Combining automatic test generation tools with the Java/CORBA conformance testing environment described in this report would be a useful follow-on project to this work. This initial work is focused on the conformance testing environment for developers of applications which conform to the CIM Framework Specification. This work could be extended to include mechanisms for certifying, through the use of digital signatures, for example, that official versions of the test suite were run against a given object under test. The test could also generate a signature for the object being tested so that in the future one could be easily verify whether the application a customer is running is indeed the one that has passed certification. Having an automated mechanism for certifying that an application is conformant will save the money normally required to pay for certifying officials to personally verify the execution and performance of a given implementation.
It should be noted that there is a lot of activity ongoing to allow various programming languages to run in an environment similar to the Java environment. For example the Grail environment for Python, Microsoft's efforts with the ActiveX objects, and IBM's Rexx [9], NetRexx, and Object Rexx languages are other industry examples. Future work may involve the integration of several of these and other languages/environments in a conformance testing and certification environment, which draws on the strengths of each technology.
Following up on last year's report, one task for this year has been exploring the problems of maintaining complex documents, specifically specifications, in a single format with multiple uses and multiple distribution formats. We introduced the notion of Single-Source Specification Management (S3M). To some people this may seem to be a dull--or even unimportant--problem, but through many years of working with information-intensive computing projects we have learned that it is a difficult and critical issue. The rise of desktop computing power has brought many new tools for document preparation, but there has not been a corresponding advance in managing the resulting complex documents. The S3M task is looking at pragmatic solutions to the problem of maintaining complex documents with multiple distribution formats while using combinations of readily available software. We are trying to come up with the best partial solution that can be applied now rather than an ideal solution based on research software or a theoretical solution based on untested ideas.

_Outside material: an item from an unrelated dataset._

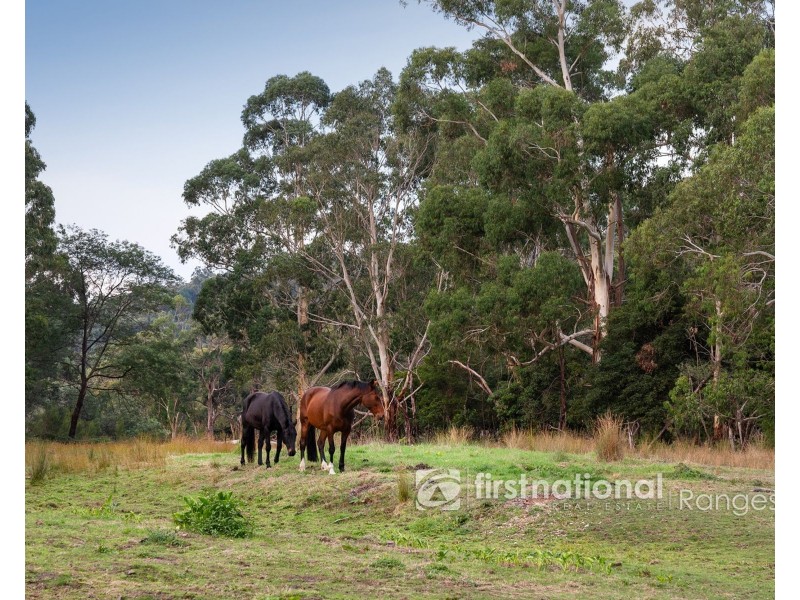 635 Dore Road, Nar Nar Goon North VIC 3812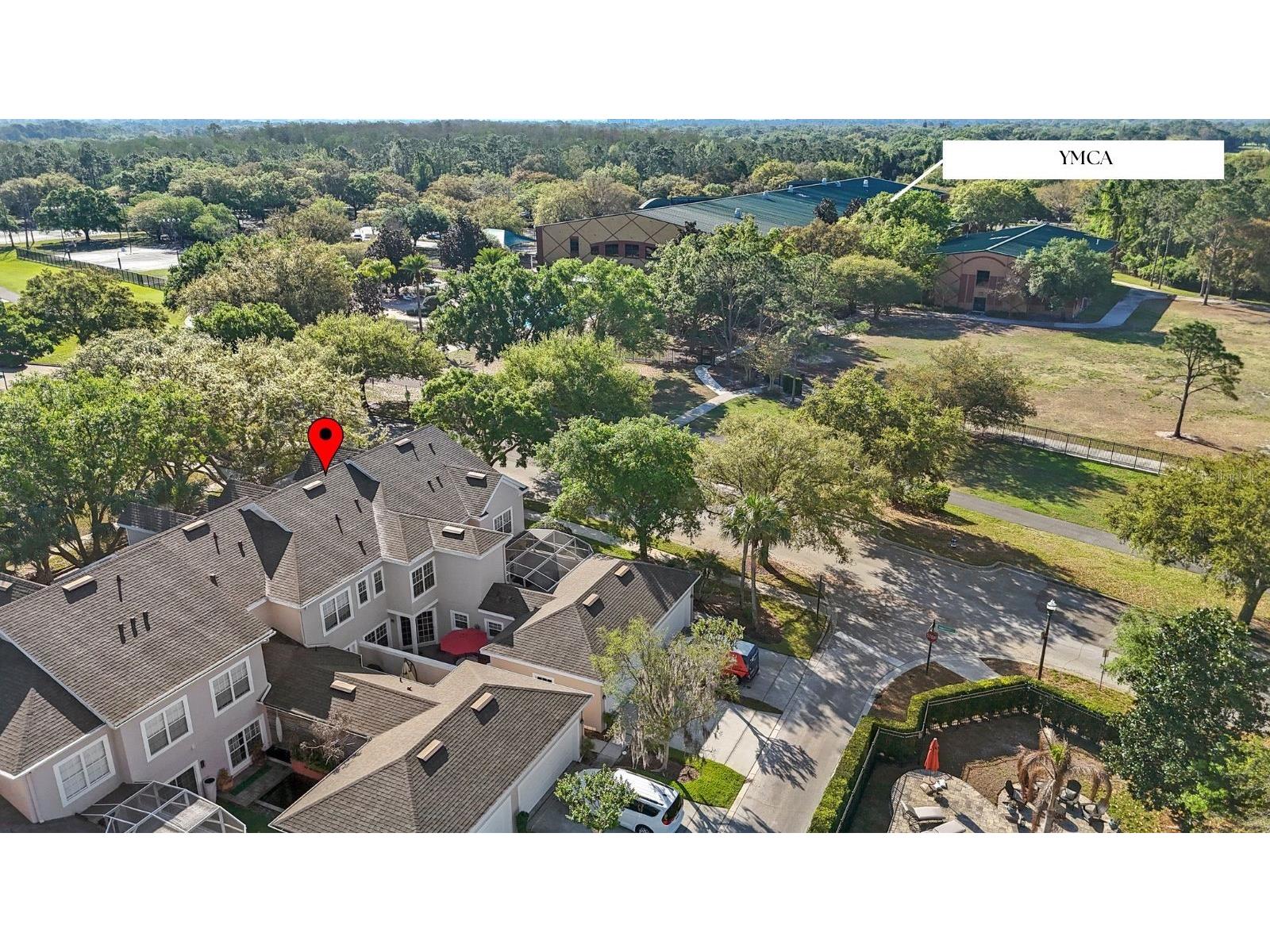 9850 Poplar Place Orlando FL 32827 O6395335 image36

The first question is to understand the different kinds of document formats and see how each serves specific needs in the overall document management process. We have identified three kinds of document formats:
With the right tools, any format can be pressed into service in a different class. Normally a word processing tool has printing functionality; so, its working format could be viewed as an output format if one has the right word processor. Likewise, a working format serves as an exchange format for any group of people using the same word processor. Distribution formats, for printing, are largely limited to the output function because the transformation from working format or exchange format is not easily reversible in practice. This irreversibility property has some potential advantages in the protection of intellectual property rights, but right now this is largely a side-effect.
HTML and ascii text are special cases. They are equally useful as working, exchange, and electronic distribution formats. Ascii text has been used these ways for many years with text editors and simple printer drivers. Much more recently, we have seen word processing tools that either work directly in HTML or can import and export it. As the capability of handling HTML becomes more wide-spread in commercial word processors, HTML will become more useful as an exchange format. As an example, this document was prepared using an HTML editor, SoftQuad's Hotmetal, so that it would be immediately available for publication on the Web. Then the HTML version was read into Microsoft's Word/Internet Assistant to produce the hardcopy version. This demonstrates the point of the task: a single source in HTML provided both electronic and hardcopy results.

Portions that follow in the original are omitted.